Celebrating International Women’s Day, we introduce one of the most influential female artists of the 20th century, inspiring a generation of female singers as her legacy.

Nina Simone was one of the most extraordinary artists of the twentieth century and an icon of American Music. She was a brilliant storyteller and used her talent to create a legacy of liberation, empowerment, passion, and love through her songs. Nina Simone earned the moniker ‘High Priestess of Soul’ due to the seductive and hypnotic effect she would have on the listener as she sang her music.

Born Eunice Kathleen Waymon in 1933, Nina had a natural talent for piano and could virtually play anything by ear. After graduating valedictorian of her high school class, Eunice’s community raised money for a scholarship to study at Julliard in New York City before applying to the prestigious Curtis Institute of Music in Philadelphia (at which she was rejected a place).

Due to low funds, Eunice auditioned to play piano at the Midtown Bar & Grill in New Jersey, with the result being that she would have to play and sing. Despite her dreams to become the first black female classical pianist, Eunice needed the income and accepted.

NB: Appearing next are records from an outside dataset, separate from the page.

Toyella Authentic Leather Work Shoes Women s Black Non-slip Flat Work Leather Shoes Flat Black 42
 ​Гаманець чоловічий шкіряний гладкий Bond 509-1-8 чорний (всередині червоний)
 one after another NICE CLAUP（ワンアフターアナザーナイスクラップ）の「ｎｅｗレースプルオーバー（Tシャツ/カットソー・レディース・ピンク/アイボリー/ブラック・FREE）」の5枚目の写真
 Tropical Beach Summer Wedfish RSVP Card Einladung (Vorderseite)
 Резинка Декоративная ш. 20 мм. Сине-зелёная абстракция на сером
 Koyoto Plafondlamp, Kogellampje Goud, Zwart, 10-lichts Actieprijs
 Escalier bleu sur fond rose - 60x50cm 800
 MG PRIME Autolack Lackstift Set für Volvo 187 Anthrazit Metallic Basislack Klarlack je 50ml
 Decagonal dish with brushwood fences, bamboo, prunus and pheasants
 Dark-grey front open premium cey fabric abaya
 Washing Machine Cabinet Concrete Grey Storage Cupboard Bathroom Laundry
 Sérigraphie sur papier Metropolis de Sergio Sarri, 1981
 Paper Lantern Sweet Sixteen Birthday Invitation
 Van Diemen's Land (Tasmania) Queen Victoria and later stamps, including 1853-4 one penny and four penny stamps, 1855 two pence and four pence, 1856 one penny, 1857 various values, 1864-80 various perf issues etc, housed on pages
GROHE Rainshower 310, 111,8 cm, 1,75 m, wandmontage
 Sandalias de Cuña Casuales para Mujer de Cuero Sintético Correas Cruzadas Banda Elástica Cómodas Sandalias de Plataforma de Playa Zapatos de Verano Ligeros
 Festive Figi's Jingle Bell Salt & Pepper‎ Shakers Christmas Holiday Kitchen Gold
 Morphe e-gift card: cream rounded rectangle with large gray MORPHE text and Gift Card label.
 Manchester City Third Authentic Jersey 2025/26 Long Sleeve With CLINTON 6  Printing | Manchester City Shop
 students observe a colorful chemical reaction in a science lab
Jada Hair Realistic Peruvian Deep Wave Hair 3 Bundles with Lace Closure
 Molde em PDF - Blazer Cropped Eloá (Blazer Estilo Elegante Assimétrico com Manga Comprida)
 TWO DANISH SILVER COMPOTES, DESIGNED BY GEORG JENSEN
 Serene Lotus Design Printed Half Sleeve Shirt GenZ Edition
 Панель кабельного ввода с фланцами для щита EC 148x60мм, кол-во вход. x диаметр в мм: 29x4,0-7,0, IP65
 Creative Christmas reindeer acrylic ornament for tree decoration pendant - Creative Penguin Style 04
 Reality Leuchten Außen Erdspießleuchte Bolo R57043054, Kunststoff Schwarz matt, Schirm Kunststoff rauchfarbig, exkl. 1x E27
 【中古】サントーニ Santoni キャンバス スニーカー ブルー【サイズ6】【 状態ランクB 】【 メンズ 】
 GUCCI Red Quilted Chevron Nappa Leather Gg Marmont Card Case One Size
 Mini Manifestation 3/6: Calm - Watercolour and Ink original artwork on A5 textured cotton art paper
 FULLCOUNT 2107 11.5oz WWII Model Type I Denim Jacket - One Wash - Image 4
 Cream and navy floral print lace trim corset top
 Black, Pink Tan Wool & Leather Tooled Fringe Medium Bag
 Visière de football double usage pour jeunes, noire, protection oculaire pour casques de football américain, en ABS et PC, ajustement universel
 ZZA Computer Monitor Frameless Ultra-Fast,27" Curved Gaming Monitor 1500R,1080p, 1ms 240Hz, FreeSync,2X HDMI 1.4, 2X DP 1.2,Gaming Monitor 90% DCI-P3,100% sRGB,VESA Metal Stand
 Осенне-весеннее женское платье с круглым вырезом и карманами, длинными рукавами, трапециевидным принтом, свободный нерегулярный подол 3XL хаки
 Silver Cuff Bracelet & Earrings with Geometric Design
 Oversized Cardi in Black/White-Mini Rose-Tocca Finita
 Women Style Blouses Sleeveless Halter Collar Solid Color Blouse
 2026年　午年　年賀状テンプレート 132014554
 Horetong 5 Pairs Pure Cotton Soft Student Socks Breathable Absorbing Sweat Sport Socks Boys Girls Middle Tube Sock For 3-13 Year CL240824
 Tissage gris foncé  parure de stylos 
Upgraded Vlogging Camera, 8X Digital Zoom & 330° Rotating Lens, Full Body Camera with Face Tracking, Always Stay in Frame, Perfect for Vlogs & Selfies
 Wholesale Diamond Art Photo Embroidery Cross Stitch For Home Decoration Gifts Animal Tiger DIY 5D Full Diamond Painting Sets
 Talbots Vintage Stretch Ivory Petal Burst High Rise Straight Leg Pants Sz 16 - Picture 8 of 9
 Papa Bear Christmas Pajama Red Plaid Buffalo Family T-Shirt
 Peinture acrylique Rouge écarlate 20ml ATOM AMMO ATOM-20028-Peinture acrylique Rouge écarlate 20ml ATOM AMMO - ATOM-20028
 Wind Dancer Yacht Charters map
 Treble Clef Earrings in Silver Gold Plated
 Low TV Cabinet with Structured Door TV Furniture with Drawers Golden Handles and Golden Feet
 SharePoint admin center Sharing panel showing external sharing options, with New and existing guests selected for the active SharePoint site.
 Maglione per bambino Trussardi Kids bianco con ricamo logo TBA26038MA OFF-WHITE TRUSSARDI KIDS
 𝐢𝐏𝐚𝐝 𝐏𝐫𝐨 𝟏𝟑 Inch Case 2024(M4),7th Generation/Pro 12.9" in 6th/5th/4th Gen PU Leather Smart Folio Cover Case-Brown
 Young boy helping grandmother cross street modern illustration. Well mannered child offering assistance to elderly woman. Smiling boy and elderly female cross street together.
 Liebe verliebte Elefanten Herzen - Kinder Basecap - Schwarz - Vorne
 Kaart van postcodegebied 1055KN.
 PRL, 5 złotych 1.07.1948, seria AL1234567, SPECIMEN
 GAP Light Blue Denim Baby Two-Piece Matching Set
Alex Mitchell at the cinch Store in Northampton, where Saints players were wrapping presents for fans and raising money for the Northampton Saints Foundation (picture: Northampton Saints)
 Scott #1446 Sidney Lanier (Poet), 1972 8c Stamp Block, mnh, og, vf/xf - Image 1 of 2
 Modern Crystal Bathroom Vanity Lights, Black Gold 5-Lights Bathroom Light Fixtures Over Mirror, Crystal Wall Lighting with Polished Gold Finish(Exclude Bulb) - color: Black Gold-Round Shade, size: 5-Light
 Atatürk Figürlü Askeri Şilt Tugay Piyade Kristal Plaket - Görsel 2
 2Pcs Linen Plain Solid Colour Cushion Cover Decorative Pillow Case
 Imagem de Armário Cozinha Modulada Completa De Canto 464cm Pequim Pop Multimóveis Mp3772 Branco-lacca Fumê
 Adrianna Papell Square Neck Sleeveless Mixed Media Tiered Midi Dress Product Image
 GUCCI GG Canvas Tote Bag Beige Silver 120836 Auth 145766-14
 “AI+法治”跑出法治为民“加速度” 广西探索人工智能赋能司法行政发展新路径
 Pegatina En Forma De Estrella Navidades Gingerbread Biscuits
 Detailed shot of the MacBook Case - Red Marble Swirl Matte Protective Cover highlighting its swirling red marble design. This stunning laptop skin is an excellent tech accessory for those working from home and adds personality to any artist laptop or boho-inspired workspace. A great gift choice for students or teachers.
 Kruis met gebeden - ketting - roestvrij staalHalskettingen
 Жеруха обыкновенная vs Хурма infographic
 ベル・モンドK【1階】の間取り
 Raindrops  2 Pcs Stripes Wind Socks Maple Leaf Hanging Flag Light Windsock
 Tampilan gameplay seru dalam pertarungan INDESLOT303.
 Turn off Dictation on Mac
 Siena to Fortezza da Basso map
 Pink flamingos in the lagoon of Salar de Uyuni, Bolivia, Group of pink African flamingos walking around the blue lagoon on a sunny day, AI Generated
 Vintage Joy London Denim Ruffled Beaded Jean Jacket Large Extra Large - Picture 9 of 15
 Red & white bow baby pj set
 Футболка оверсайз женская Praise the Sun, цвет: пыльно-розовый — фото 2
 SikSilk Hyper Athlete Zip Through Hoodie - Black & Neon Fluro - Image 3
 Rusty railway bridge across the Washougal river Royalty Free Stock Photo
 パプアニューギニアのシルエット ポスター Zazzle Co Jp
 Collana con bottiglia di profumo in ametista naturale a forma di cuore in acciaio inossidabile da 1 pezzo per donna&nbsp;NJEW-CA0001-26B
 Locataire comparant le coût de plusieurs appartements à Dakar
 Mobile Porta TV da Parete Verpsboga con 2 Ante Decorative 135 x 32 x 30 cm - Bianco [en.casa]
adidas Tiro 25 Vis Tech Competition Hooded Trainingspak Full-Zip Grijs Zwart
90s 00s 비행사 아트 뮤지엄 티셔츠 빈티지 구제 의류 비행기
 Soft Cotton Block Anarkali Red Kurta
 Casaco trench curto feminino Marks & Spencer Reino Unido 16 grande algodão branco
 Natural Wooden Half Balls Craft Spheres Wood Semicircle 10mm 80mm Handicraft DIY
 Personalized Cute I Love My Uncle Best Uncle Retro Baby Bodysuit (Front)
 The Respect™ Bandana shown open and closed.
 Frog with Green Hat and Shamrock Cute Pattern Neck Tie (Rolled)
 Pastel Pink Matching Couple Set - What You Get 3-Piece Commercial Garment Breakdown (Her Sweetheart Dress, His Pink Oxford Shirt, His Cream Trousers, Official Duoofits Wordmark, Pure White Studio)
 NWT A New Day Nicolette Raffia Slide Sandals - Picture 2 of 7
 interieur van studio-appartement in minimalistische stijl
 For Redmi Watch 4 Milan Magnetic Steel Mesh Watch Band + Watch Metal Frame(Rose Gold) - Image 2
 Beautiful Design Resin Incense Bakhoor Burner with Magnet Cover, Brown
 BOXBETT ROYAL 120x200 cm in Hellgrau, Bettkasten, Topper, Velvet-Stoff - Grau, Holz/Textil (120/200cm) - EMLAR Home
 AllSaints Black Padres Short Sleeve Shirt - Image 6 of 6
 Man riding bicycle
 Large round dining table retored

Word spread about Eunice’s style of transforming popular tunes from the likes of Gershwin, Cole Porter and Richard Rodgers, and synthesising them with jazz, blues and classical music. Her rich and unusually deeper voice, combined with her mastery at the piano, soon attracted club goers up and down the East Coast. Eunice took on the name, Nina Simone, “Nina” meaning “little one” in Spanish and “Simone” after the actress Simone Signoret.

At 24, Nina was signed by Syd Nathan to his Jazz imprint, Bethlehem Records. One of Nina’s stated musical influences was Billie Holiday and her inspired reading of “Porgy” from “Porgy and Bess” heralded the arrival of a new talent on the national scene.

“Critics started to talk about what sort of music I was playing,” writes Nina in her 1991 autobiography I Put A Spell On You, “and tried to find a neat slot to file it away in. It was difficult for them because I was playing popular songs in a classical style with a classical piano technique influenced by cocktail jazz. On top of that I included spirituals and children’s song in my performances, and those sorts of songs were automatically identified with the folk movement. So, saying what sort of music I played gave the critics problems because there was something from everything in there, but it also meant I was appreciated across the board – by jazz, folk, pop and blues fans as well as admirers of classical music.” Clearly Nina Simone was not an artist who could be easily classified.

Nina’s music is incredibly iconic and recognisable even today. Her voice, though not classically trained and rough round the edges, fits the tone of much of her music about oppression and racism. Nina Simone is considered by far to be one of the most influential jazz singers of her time and listening to these brief music clips, one can see why she is still remembered to this day.